Scottie Pippen w ostatnim wywiadzie dla ESPN „The jump”, mocno skrytykował Phila Jacksona. Były koszykarz uważa, że to właśnie prezydent New York Knicks jest odpowiedzialny za fatalny sezon nowojorskiej drużyny.
Scottie Pippen sześć razy mógł cieszyć się z wygranej w finale NBA. Były to czasy, gdy jego trenerem był nikt inny jak właśnie Phil Jackson. Podczas ostatniej rozmowy z „The Jump”, odłożył na bok sentymenty i postanowił otwarcie powiedzieć co sądzi na temat prezydenta drużyny z Nowego Jorku.
Zapytany o to, kto jest winny aż tak złego sezonu New York Knicks, były koszykarz Chicago Bulls, bez ogródek odpowiedział…
– Szczerze mówiąc, będę musiał wskazać mojego byłego trenera – Phila Jacksona. Myślę, że nie ułożył odpowiednio wszystkich kawałków na parkiecie. Ten zespół naprawdę nie ma tego „czegoś”. Nie ma odkąd Phil Jackson tam wylądował.

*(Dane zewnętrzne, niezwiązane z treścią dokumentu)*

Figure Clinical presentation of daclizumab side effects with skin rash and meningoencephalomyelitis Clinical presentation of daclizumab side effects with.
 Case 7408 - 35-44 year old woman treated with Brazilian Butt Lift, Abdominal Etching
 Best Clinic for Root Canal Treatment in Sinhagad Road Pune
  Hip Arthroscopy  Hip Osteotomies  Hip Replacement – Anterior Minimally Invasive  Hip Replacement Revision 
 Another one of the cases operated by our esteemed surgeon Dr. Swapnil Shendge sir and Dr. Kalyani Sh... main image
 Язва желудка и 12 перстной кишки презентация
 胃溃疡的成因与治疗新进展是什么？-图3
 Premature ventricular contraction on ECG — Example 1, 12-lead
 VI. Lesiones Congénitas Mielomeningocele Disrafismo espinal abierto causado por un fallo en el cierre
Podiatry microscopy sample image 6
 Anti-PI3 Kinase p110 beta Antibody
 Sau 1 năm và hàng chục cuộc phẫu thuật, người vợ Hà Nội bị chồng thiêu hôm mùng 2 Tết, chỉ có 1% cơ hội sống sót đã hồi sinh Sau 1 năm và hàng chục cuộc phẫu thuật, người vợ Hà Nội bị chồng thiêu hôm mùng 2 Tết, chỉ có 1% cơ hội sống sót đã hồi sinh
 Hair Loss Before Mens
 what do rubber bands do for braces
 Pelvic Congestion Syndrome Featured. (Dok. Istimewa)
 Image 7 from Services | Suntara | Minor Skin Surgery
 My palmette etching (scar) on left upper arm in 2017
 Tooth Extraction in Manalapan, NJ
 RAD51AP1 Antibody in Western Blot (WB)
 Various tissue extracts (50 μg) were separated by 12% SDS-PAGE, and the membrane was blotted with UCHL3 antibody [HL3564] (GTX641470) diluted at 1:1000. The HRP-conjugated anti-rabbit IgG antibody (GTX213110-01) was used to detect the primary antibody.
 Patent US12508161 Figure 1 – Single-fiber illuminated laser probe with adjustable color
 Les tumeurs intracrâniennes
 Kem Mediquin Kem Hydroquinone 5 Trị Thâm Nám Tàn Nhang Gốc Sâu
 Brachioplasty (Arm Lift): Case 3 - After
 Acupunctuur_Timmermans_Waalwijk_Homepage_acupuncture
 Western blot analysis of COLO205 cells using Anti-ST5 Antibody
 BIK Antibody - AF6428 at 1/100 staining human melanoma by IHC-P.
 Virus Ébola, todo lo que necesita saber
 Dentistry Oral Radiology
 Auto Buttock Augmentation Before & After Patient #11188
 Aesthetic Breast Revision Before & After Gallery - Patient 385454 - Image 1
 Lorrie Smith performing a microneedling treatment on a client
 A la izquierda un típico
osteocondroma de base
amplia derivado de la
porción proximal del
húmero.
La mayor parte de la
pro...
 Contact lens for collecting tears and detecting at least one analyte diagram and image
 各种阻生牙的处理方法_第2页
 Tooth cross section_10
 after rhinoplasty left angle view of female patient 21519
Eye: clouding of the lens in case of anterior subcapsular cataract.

Trzeba przyznać, że Scottie Pippen nie oszczędził swojego byłego szkoleniowca. Chwilę później zapytany o to, czy uważa, że Jackson powinien zostać zwolniony, bez zawahania odrzekł:
Tak.
Prezydent Knicks zostaje poddawany krytyce właściwie od momentu, kiedy w 2014 roku objął swoje stanowisko. Ostatni sezon tylko zaognił i tak gorącą atmosferę panującą wokół jego osoby. Transfery Derrica Rose’a i Joakima Noaha, okazały się totalną klapą, a pół sezonu spędził na nakłanianiu Carmelo Anthony’ego, do odstąpienia od klauzuli no-trade, która pozwala Melo kontrolować własny los.
– Daje Carmelo duży kredyt, ponieważ rozegrał 82 spotkania sezonu zachowując pełen profesjonalizm. Szkoda mi go, bo musiał przejść przez całą tą niezręczną sytuację. Dostał jednak dobry kontrakt – zażartował Pippen.
Ostatnio prezydent Nowojorczyków postanowił posunąć się jeszcze dalej. Rzekomo na jego polecenie Jeff Hornacek zredukował minuty Melo, a na boisku postawił na młodszych i niedoświadczonych graczy. – Nie wiem jaka jest moja rola, jeśli mam być szczery. Jestem tu, aby pomóc chłopakom i zmotywować drużynę. Potrafię się dostosować – powiedział Anthony w środę.
Jackson ma klauzulę, która pozwala mu zrezygnować z kontraktu po bieżącym sezonie. Mimo to przekonuje swoje otoczenie, że z niej nie skorzysta. Właściciel Knicks – James Dolan, zapowiedział, że niezależnie od wyników będzie honorował umowę z Philem. Ta kończy się po sezonie 2018-19.